• _Aim of the task_: Starting at the line that contains "Apartamento, 2 quartos, 38 m² - Foto 8", write out every line through the last one in the records below, word for word. Leave out any pictures.

---------- Source information ----------

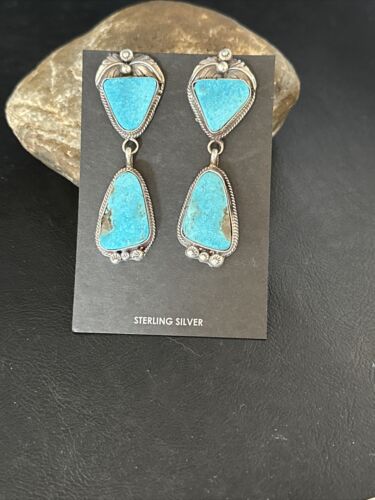 Kingman Turquoise Dangle Earrings | Navajo Handmade | Sterling Silver | Authentic Native American | 14877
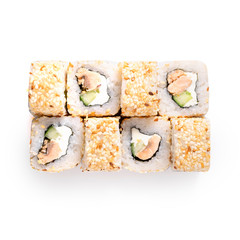 Sushi roll set on a white background top view. Isolated.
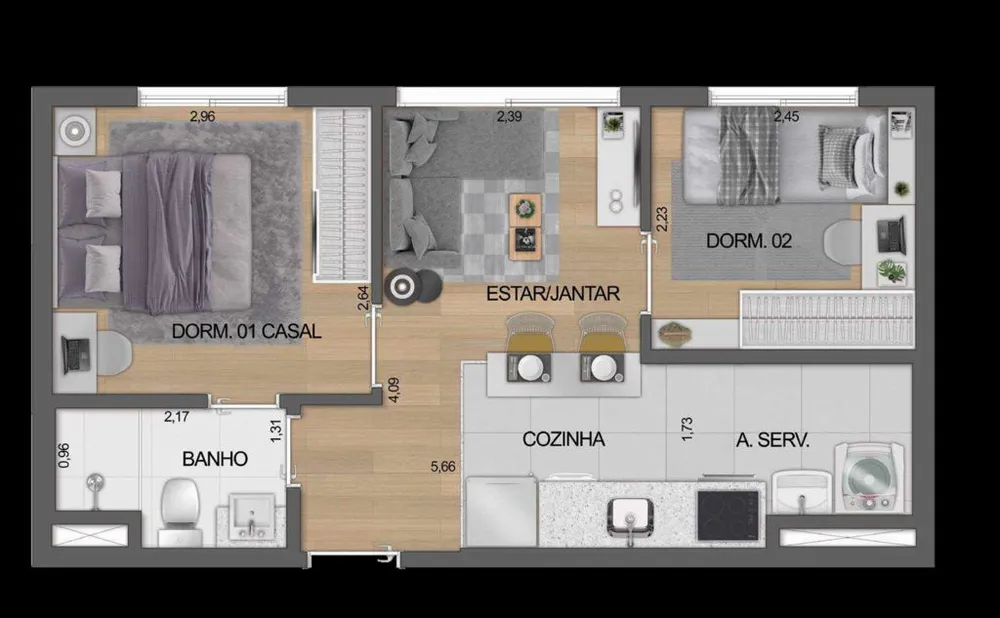 Apartamento, 2 quartos, 38 m² - Foto 8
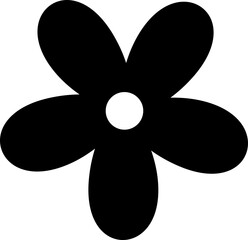 Cute Simple flower shape silhouette Isolated.
Hand drawn flower black silhouette.
Transparent background.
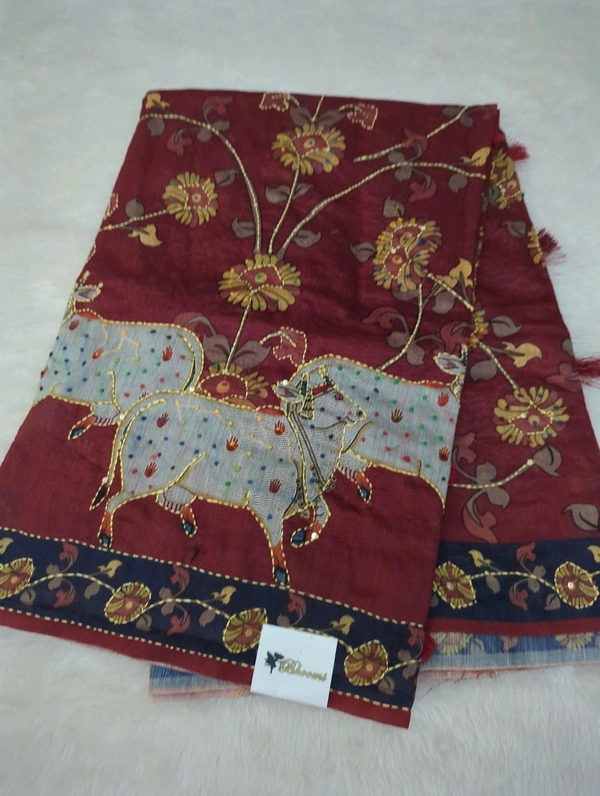 Soft Chanderi Kantha Work - Maroon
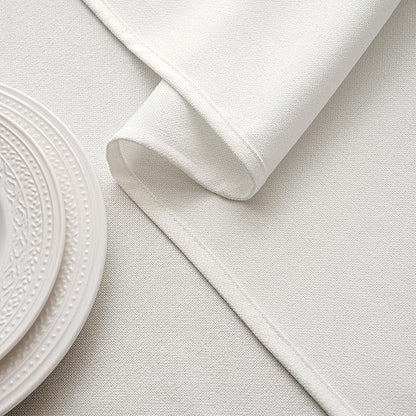 MIULEE White Linen Tablecloth 60x84 Inch Rectangle Table Cloth Waterproof,Stain Resistant & Wrinkle Resistant for Dining Party Wedding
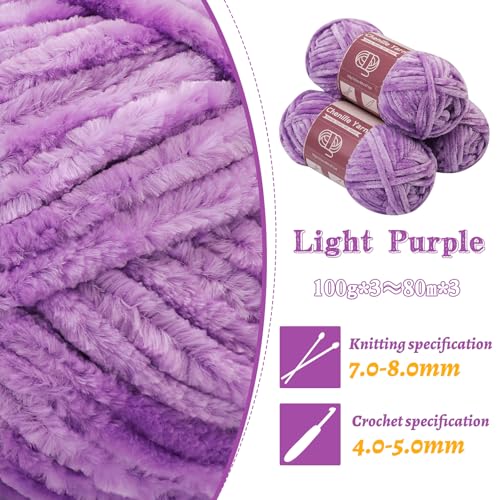 Image of LUNARM Chenille Yarn 3 Pack 3.5oz Chunky Blanket Velvet Yarn 263 Yard | Light Purple Chunky Chenille Yarn for Beginners Crocheting Hand Knitting Scarves with Big Eye Needles Machine Washable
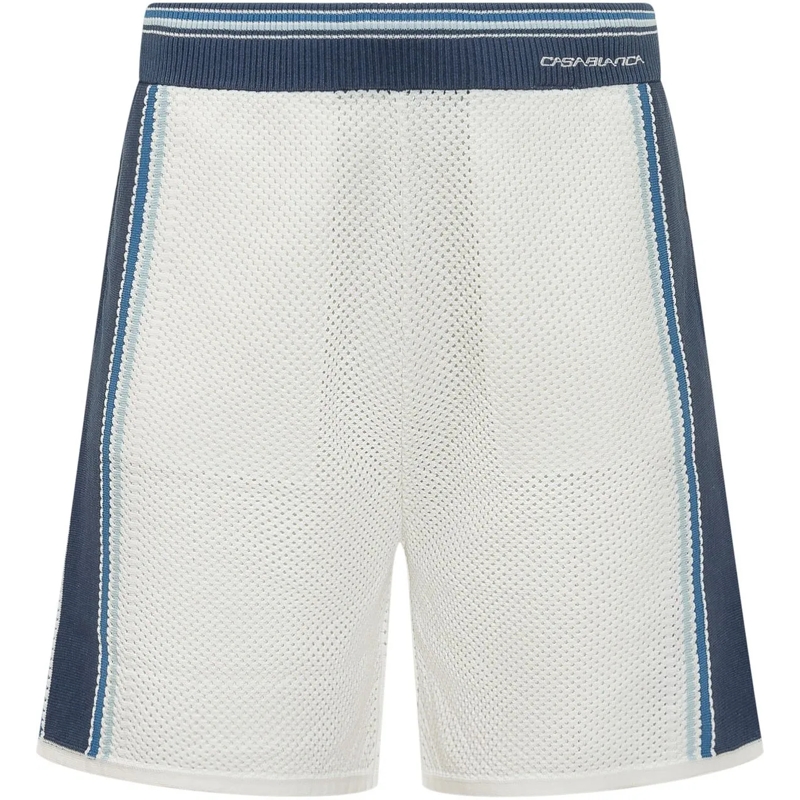 Casablanca Shorts Shorts in Maglia Traforata a Righe Laterali weiß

----------

• _Written answer_:
 Apartamento, 2 quartos, 38 m² - Foto 8
 Cute Simple flower shape silhouette Isolated.
Hand drawn flower black silhouette.
Transparent background.
 Soft Chanderi Kantha Work - Maroon
 MIULEE White Linen Tablecloth 60x84 Inch Rectangle Table Cloth Waterproof,Stain Resistant & Wrinkle Resistant for Dining Party Wedding
 Image of LUNARM Chenille Yarn 3 Pack 3.5oz Chunky Blanket Velvet Yarn 263 Yard | Light Purple Chunky Chenille Yarn for Beginners Crocheting Hand Knitting Scarves with Big Eye Needles Machine Washable
 Casablanca Shorts Shorts in Maglia Traforata a Righe Laterali weiß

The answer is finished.